> [What is being asked]:
From the first line to the last, repeat the data exactly and drop the pictures.

> [Supplied information]:
---

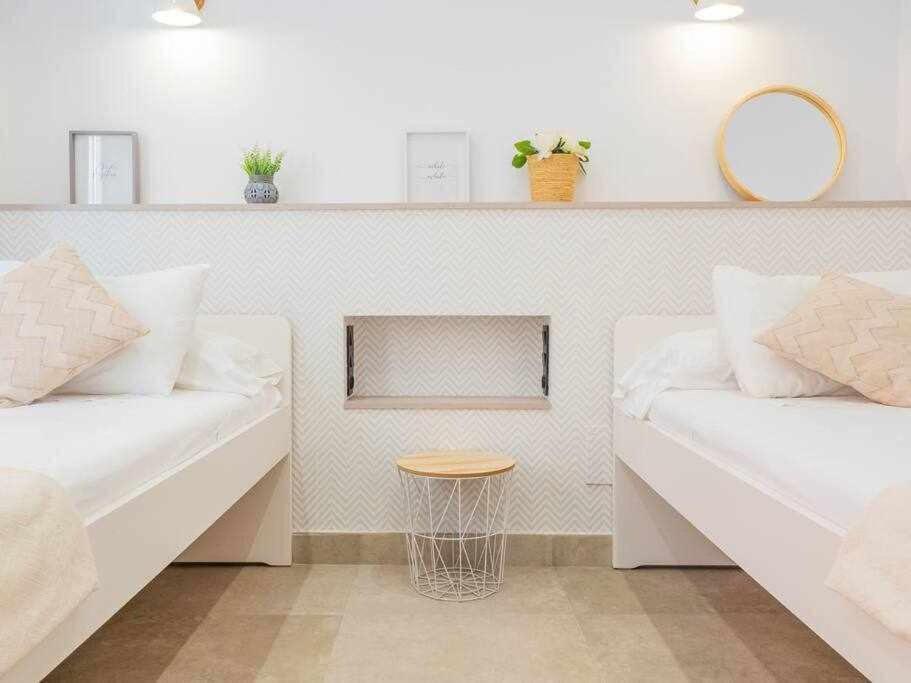 Holiday home Casa Moises By Solymar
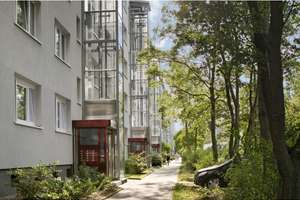 Harzgeroder Straße 14 - Harzer-Karree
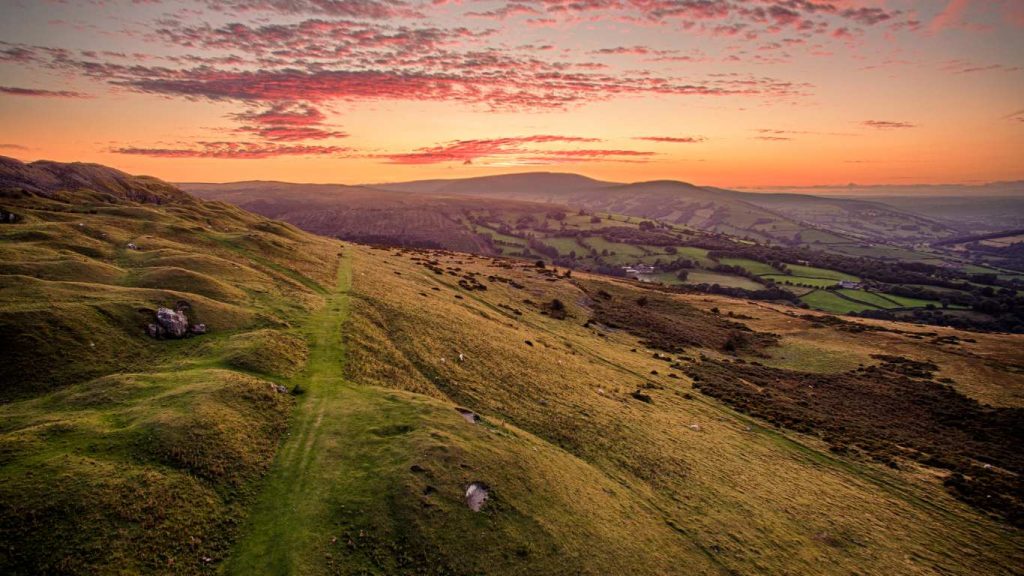 Brecon Beacons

---

> [Response]:
 Holiday home Casa Moises By Solymar
 Harzgeroder Straße 14 - Harzer-Karree
 Brecon Beacons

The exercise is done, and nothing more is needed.